Solved – Calculating p-value for a two-way ANOVA

anovap-value

I would like to compute the p-value of my two-way ANOVA. The score that I am using to detect significant samples is the eta score which is computed as SS(between)/SS(total).

In many sites I saw that F=Var(between)/Var(within).
I want to know if I can consider the eta score as the F-statistic value, and then compute the p-value?

What if I want to compute the p-value for other scores such as eta-partial, or omega?
Is it meaningful if I calculate the p-value for them? Or is it only meaningful for the ratio Var(between)/Var(within)? What difference does it make if I use SS(between)/SS(within) instead of Var?

The formula that I am using to calculate p-value is:

pvalue=-log10(betai(0.5 * df2, 0.5* df1, df2 / (df2 + df1 * eta)));  

based on the book Numerical Recipes in C, where df1 and df2 are degrees of freedom.

Thanks for your help.

Best Answer

The eta-square ($\eta^2$) value you are describing is intended to be used as a measure of effect size in the observed data (i.e., your sample), as it amounts to quantify how much of the total variance can be explained by the factor considered in the analysis (that is what you wrote in fact, BSS/TSS). With more than one factor, you can also compute partial $\eta^2$ that reflect the percentage of variance explained by one factor when holding constant the remaining ones.

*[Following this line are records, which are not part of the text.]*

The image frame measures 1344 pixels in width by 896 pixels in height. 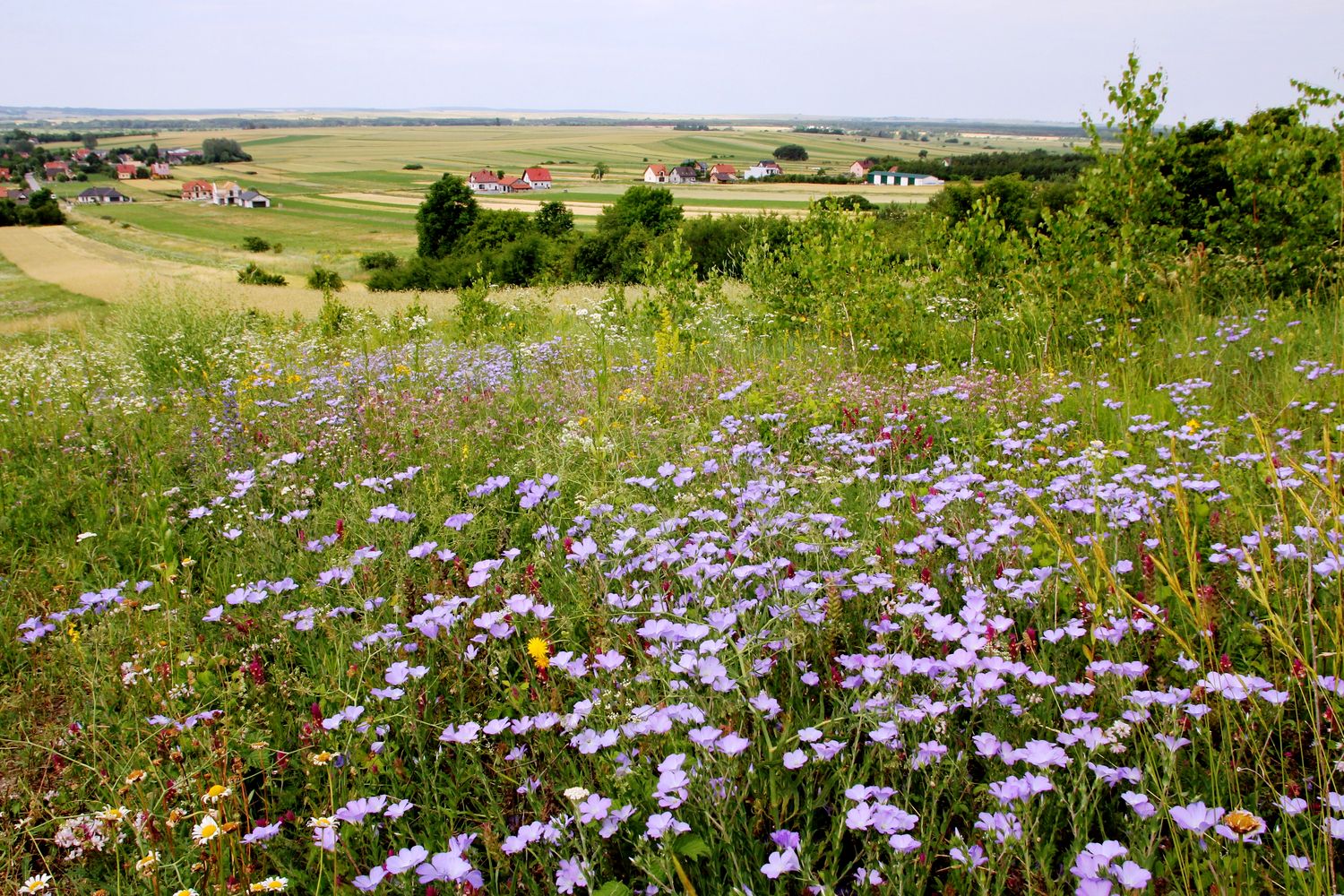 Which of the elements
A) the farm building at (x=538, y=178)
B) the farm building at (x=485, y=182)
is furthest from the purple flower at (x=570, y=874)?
the farm building at (x=485, y=182)

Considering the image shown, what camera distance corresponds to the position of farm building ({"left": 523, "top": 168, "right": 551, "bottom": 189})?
9181 cm

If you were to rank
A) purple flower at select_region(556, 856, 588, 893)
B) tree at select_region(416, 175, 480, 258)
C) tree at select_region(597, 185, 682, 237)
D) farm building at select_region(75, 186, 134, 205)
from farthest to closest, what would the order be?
1. farm building at select_region(75, 186, 134, 205)
2. tree at select_region(416, 175, 480, 258)
3. tree at select_region(597, 185, 682, 237)
4. purple flower at select_region(556, 856, 588, 893)

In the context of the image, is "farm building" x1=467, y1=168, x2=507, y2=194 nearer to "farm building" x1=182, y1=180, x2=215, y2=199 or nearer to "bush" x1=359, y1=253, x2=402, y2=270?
"farm building" x1=182, y1=180, x2=215, y2=199

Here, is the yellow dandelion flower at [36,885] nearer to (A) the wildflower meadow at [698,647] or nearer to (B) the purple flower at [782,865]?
(A) the wildflower meadow at [698,647]

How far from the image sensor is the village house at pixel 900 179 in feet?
189

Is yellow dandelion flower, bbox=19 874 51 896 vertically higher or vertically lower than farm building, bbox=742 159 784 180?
lower

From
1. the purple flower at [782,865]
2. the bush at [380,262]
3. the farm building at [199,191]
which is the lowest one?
the bush at [380,262]

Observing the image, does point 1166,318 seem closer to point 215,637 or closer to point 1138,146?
point 1138,146

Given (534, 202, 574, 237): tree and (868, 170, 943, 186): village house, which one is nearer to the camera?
(868, 170, 943, 186): village house

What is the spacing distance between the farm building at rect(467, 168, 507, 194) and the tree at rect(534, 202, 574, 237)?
32623 mm

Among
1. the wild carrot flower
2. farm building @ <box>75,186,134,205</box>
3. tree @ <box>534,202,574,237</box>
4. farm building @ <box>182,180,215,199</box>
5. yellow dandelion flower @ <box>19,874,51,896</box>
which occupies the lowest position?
yellow dandelion flower @ <box>19,874,51,896</box>

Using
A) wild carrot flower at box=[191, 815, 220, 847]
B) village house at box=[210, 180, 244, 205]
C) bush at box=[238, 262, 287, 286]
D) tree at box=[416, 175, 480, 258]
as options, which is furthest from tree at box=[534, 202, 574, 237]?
wild carrot flower at box=[191, 815, 220, 847]

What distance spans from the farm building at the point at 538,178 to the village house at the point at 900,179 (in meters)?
44.3

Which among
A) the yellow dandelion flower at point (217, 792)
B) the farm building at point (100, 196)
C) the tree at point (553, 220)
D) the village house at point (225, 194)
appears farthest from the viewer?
the village house at point (225, 194) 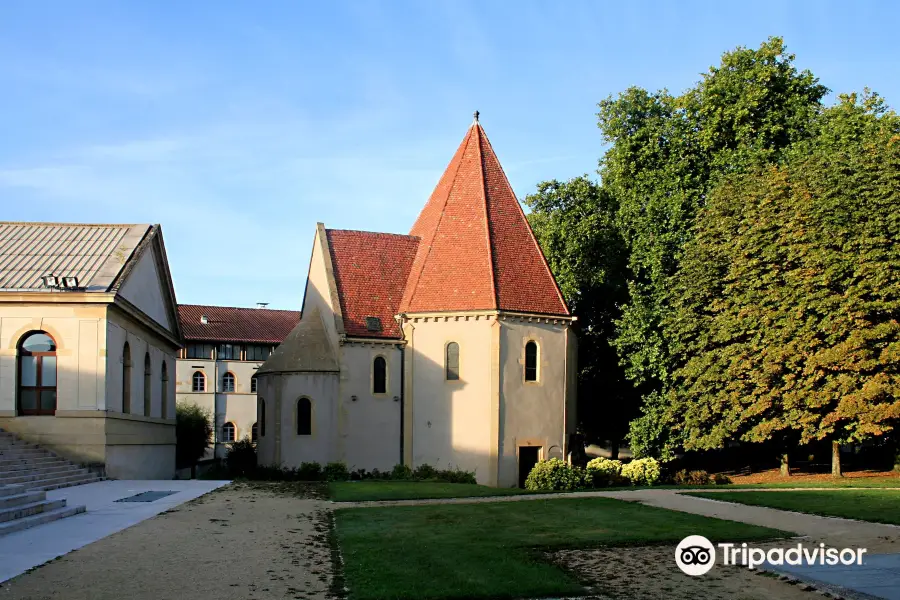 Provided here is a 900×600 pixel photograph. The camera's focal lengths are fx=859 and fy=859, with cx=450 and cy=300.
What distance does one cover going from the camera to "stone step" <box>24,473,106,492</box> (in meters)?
22.0

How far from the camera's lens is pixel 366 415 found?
3812 centimetres

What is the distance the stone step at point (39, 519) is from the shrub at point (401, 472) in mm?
19223

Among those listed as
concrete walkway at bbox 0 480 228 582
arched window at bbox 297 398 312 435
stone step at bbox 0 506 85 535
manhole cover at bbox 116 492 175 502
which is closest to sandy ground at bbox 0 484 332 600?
concrete walkway at bbox 0 480 228 582

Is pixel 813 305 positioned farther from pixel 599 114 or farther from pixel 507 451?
pixel 599 114

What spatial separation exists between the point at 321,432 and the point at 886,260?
23.5 m

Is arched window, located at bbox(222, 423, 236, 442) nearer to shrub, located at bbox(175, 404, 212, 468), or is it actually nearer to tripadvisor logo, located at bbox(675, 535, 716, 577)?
shrub, located at bbox(175, 404, 212, 468)

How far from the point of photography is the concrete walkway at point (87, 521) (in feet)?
41.1

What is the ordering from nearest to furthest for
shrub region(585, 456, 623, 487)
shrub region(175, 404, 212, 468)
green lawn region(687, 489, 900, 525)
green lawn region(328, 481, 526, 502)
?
green lawn region(687, 489, 900, 525)
green lawn region(328, 481, 526, 502)
shrub region(585, 456, 623, 487)
shrub region(175, 404, 212, 468)

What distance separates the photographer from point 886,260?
2994 cm

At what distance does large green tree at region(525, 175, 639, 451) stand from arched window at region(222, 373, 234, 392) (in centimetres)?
3813

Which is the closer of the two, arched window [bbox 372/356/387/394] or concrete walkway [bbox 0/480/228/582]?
concrete walkway [bbox 0/480/228/582]

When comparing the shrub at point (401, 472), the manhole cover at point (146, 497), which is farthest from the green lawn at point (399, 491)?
the shrub at point (401, 472)

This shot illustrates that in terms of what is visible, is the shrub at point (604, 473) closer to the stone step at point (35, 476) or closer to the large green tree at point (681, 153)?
the large green tree at point (681, 153)

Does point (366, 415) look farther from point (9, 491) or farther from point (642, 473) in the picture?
point (9, 491) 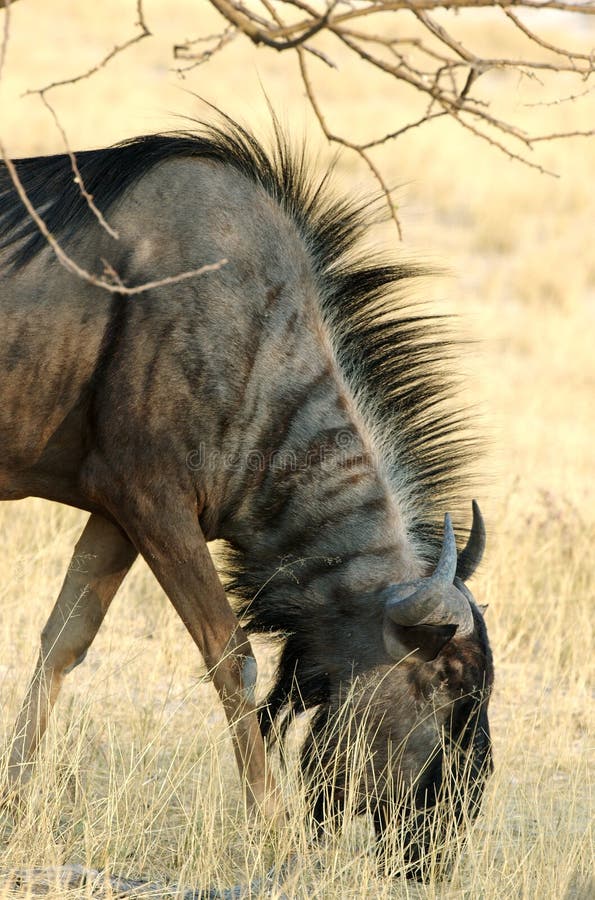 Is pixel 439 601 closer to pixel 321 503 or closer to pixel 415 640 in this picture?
pixel 415 640

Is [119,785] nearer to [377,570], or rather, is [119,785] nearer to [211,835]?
[211,835]

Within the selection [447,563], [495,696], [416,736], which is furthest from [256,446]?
[495,696]

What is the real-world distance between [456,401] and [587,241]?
24.5 feet

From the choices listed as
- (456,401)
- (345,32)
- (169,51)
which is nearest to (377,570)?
(345,32)

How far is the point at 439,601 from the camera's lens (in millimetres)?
3383

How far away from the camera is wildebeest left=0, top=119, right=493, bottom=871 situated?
3.55m

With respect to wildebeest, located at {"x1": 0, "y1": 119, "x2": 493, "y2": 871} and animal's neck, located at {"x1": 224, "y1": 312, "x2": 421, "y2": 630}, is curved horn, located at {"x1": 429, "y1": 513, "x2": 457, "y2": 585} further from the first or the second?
animal's neck, located at {"x1": 224, "y1": 312, "x2": 421, "y2": 630}

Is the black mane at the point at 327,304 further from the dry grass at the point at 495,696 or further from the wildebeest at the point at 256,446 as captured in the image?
the dry grass at the point at 495,696

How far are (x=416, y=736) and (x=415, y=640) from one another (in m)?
0.33

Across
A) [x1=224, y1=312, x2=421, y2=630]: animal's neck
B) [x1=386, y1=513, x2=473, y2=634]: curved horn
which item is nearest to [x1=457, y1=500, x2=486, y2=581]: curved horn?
[x1=224, y1=312, x2=421, y2=630]: animal's neck

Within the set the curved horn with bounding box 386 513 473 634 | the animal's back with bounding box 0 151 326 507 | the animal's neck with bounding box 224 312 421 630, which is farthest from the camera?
the animal's neck with bounding box 224 312 421 630

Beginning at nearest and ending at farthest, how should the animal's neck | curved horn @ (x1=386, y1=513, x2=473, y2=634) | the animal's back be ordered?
curved horn @ (x1=386, y1=513, x2=473, y2=634) → the animal's back → the animal's neck

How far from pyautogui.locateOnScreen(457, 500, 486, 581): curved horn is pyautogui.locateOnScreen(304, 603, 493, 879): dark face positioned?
0.59 feet

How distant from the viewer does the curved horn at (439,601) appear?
11.1 ft
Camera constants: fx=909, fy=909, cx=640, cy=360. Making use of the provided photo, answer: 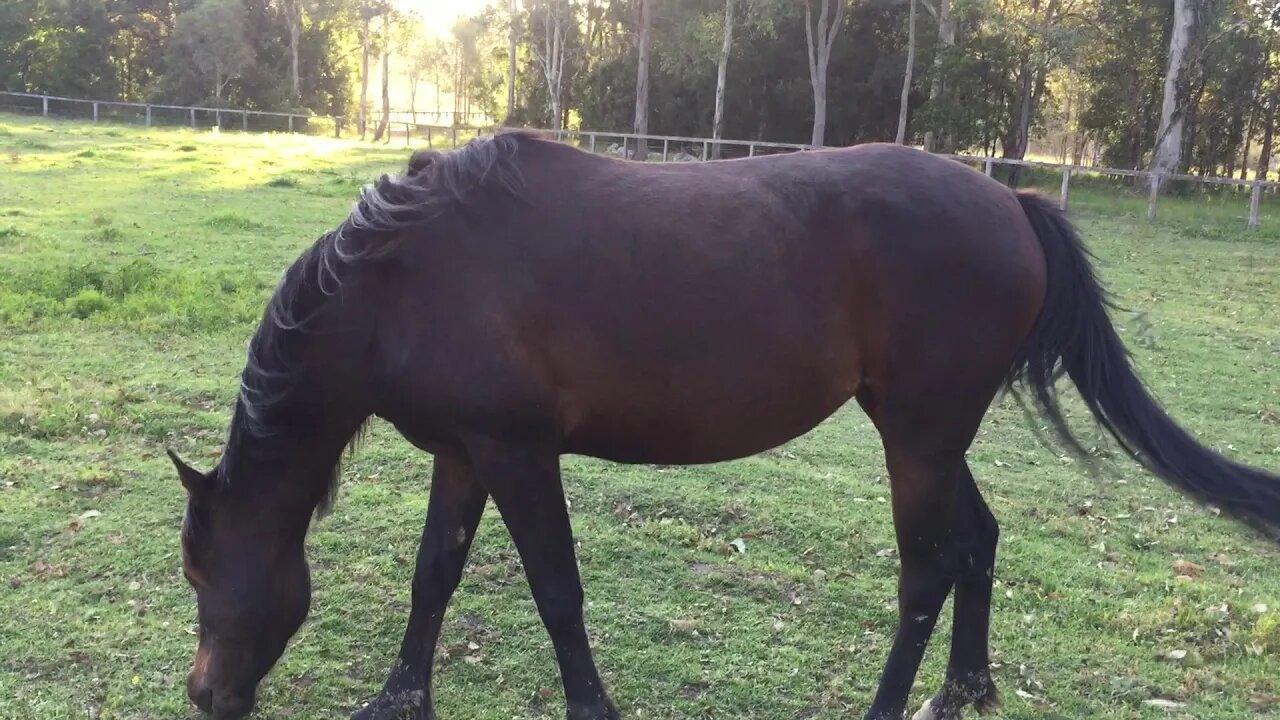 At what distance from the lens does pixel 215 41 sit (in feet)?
137

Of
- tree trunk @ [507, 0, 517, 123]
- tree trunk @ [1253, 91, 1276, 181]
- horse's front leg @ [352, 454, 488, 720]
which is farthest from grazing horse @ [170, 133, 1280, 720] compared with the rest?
tree trunk @ [507, 0, 517, 123]

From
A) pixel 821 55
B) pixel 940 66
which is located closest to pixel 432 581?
pixel 940 66

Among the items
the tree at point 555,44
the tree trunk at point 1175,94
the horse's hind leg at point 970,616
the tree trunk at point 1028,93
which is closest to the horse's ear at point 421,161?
the horse's hind leg at point 970,616

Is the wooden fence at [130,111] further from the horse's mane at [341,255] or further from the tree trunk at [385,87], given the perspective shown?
the horse's mane at [341,255]

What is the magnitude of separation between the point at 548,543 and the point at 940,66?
96.3ft

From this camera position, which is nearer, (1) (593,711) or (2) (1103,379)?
(1) (593,711)

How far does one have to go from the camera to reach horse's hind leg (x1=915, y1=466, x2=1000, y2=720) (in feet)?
10.4

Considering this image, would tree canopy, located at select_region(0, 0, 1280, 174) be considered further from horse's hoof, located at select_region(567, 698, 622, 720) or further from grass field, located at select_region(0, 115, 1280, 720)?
horse's hoof, located at select_region(567, 698, 622, 720)

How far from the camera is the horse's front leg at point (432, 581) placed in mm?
3051

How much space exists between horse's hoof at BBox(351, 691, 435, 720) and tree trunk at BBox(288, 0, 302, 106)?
1830 inches

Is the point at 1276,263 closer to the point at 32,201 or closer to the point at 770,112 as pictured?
the point at 32,201

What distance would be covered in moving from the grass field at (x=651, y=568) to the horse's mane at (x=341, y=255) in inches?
43.7

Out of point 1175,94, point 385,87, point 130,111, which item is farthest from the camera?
point 385,87

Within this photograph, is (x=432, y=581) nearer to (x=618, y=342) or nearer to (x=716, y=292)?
(x=618, y=342) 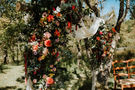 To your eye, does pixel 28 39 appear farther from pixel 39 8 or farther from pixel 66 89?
pixel 66 89

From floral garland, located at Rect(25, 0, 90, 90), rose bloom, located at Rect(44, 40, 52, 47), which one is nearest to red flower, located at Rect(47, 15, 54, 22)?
floral garland, located at Rect(25, 0, 90, 90)

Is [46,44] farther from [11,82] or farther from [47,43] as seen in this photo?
[11,82]

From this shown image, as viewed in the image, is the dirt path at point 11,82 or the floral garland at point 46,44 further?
the dirt path at point 11,82

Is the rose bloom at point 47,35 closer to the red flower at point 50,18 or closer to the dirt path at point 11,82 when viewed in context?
the red flower at point 50,18

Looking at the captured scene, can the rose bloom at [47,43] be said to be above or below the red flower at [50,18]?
below

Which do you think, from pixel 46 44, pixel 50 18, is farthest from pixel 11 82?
pixel 50 18

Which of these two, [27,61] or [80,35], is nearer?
[27,61]

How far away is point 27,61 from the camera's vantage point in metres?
2.22

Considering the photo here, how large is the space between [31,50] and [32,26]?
1.34 feet

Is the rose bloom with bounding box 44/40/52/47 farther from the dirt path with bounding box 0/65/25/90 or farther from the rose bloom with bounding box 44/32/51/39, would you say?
the dirt path with bounding box 0/65/25/90

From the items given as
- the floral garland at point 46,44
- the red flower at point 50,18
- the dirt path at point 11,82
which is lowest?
the dirt path at point 11,82

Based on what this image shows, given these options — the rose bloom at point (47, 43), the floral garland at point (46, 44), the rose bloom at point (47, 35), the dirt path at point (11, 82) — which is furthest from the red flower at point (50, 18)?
the dirt path at point (11, 82)

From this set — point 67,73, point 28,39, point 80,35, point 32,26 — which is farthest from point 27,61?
point 67,73

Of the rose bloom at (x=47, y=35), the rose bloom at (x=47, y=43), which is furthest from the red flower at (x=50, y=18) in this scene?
the rose bloom at (x=47, y=43) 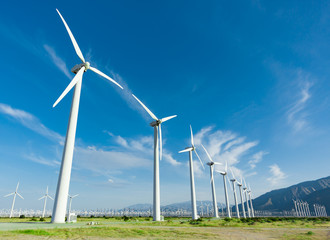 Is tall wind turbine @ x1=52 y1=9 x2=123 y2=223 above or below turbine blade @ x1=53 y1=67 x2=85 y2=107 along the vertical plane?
below

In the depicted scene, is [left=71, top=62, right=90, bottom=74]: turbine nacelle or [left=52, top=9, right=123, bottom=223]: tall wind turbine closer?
[left=52, top=9, right=123, bottom=223]: tall wind turbine

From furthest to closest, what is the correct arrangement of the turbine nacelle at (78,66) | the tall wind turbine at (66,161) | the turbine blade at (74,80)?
the turbine nacelle at (78,66) → the turbine blade at (74,80) → the tall wind turbine at (66,161)

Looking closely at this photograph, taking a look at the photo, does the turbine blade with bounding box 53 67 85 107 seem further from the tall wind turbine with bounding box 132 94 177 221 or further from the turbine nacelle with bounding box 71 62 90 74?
the tall wind turbine with bounding box 132 94 177 221

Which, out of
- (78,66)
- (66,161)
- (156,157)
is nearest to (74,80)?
(78,66)

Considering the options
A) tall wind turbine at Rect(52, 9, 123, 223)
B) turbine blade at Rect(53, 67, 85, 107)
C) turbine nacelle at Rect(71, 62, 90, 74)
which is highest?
turbine nacelle at Rect(71, 62, 90, 74)

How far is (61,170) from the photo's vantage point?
2739cm

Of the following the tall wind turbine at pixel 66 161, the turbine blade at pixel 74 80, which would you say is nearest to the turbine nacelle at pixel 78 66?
the turbine blade at pixel 74 80

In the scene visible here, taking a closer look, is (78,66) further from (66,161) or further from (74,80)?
(66,161)

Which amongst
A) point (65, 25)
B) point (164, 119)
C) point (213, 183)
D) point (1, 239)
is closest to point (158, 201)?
point (164, 119)

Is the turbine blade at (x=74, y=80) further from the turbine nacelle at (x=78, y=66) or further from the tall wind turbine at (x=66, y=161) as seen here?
the turbine nacelle at (x=78, y=66)

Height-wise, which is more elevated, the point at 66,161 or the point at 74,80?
the point at 74,80

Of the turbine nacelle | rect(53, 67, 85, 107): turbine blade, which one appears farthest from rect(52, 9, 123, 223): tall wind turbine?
the turbine nacelle

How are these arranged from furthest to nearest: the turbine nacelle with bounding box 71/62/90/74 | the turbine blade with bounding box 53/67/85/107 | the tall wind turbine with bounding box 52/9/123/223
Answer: the turbine nacelle with bounding box 71/62/90/74 → the turbine blade with bounding box 53/67/85/107 → the tall wind turbine with bounding box 52/9/123/223

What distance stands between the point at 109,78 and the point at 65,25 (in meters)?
12.4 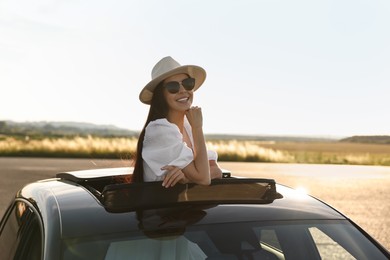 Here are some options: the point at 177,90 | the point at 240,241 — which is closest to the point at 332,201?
the point at 177,90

The F-ratio (BSS/WSS) is the right test statistic to use if you want to test the null hypothesis ($H_0$) that there is no effect of your factor (all group means are equal), that is your factor of interest doesn't account for a sufficient amount of variance compared to the residual (unexplained) variance. In other words, we test whether the added explained variance (BSS=TSS-RSS) is large enough to be considered as a "significant quantity". The distribution of the ratio of these two sum of squares (scaled by their corresponding degrees of freedom--this answers one of your question, about why we don't use directly SSs), which individually follow a $\chi^2$ distribution, is known as the Fisher-Snedecor distribution.

I don't know which software you are using, but

  • If you have R, everything you need for basic modeling is given in the aov() base function ($\eta^2$ might be computed with etasq from the heplots package; and there's a lot more to see for diagnostics and plotting in other packages).
  • If you're more versed into C programming, you may have a look at the apophenia library which features a nice set of statistical functions with bindings for MySQL and Python.